A report by the Nuclear Industry Association UK found:
“Falling back on World Trade Organisation (WTO) arrangements in the absence of a replacement safeguards agreement with the IAEA and/or an implementation period with Euratom risks putting the UK in breach of its obligations under international nuclear law and would have a significant impact on the UK nuclear sector.”
Those unanswered questions are big issues. Will the UK Government ensure that the UK’s nuclear facilities are subject to Euratom’s safeguards regime? If they are not to be monitored by Euratom’s inspectors, will the UK negotiate a replacement for the voluntary offer agreement with the IAEA to remain in compliance with international law? How will the UK Government design, resource and implement new UK safeguarding arrangements in line with accepted international standards?
We have already heard that the Minister cannot guarantee that fully trained, certified professionals will be available. What good are safeguards if there is nobody qualified to implement them? While safeguards and safety are reserved, areas of regulation such as waste and emissions from nuclear sites are devolved.
In the light of the Minister’s earlier comments on issues of national security that could arise, the Scottish Government must be involved in the negotiations regarding nuclear safeguards, and the UK Government must involve the Scottish Government at every stage of the negotiation process to ensure that the deal reached works for the people of Scotland. That is equally important for the other devolved Administrations in Wales and Northern Ireland.
Conservative Governments have a poor track record on Scotland and nuclear programmes. They must ensure that Scotland is not turned into a dumping ground for nuclear waste. I say to the Minister that as matters proceed in the House, there is an opportunity for his Scottish colleagues in the Tory party to help us stand up for Scotland’s interests. We look forward to seeing what they do. I hope the Minister accepts that it is only sensible and proper that the Scottish Government and the other devolved authorities are involved in this process in a meaningful way and involved in the negotiations, particularly given that the stakes are so high.
On a point of order, Mr Gray—it is the first point of order I have ever raised. I want to thank you as Chair, and Mr McCabe, who is not here today. I would like to thank the Clerks. I would like to thank hon. Members on both sides of the Committee for their patience, time and valuable contributions. I look forward to seeing the Bill progress in terms of the discussions we shall have before Report and then on Report and beyond. I hope the Bill’s progress continues to be characterised by the spirit of co-operation and conciliation that we have enjoyed. I particularly thank the shadow Minister for that, but also everybody else who contributed.
On a point of order, Mr Gray. I join the Minister in thanking you for your exemplary chairing of our sessions. [Hon. Members: “Hear, hear.”] I thank Mr McCabe, too, for his assistance with chairing.
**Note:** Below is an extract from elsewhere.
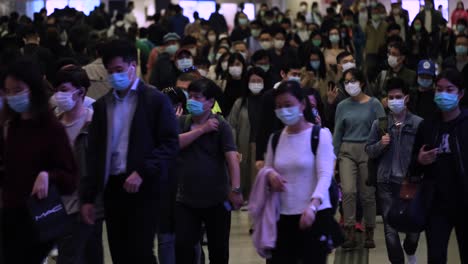 crowd of people wearing face masks in the city
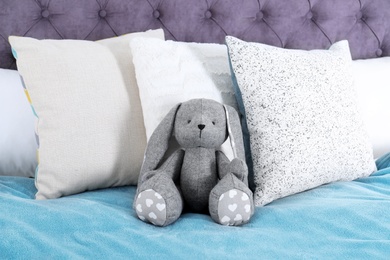 Photo of Cute toy rabbit sitting on bed indoors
I would also like to thank all Committee members for the constructive and helpful way that we managed to proceed. We had our disagreements. We put those squarely in the open and discussed them, and as a result of those discussions we had a number of exchanges that look to be constructive for the future. I am grateful for the spirit in which Committee stage has been conducted, and I look forward to Report and to the stages that follow with some optimism for the Bill. I am pleased to have taken part in such a constructive endeavour on all our parts.
On a point of order, Mr Gray. May I, very simply, associate myself with the remarks made by the Minister and the shadow Minister?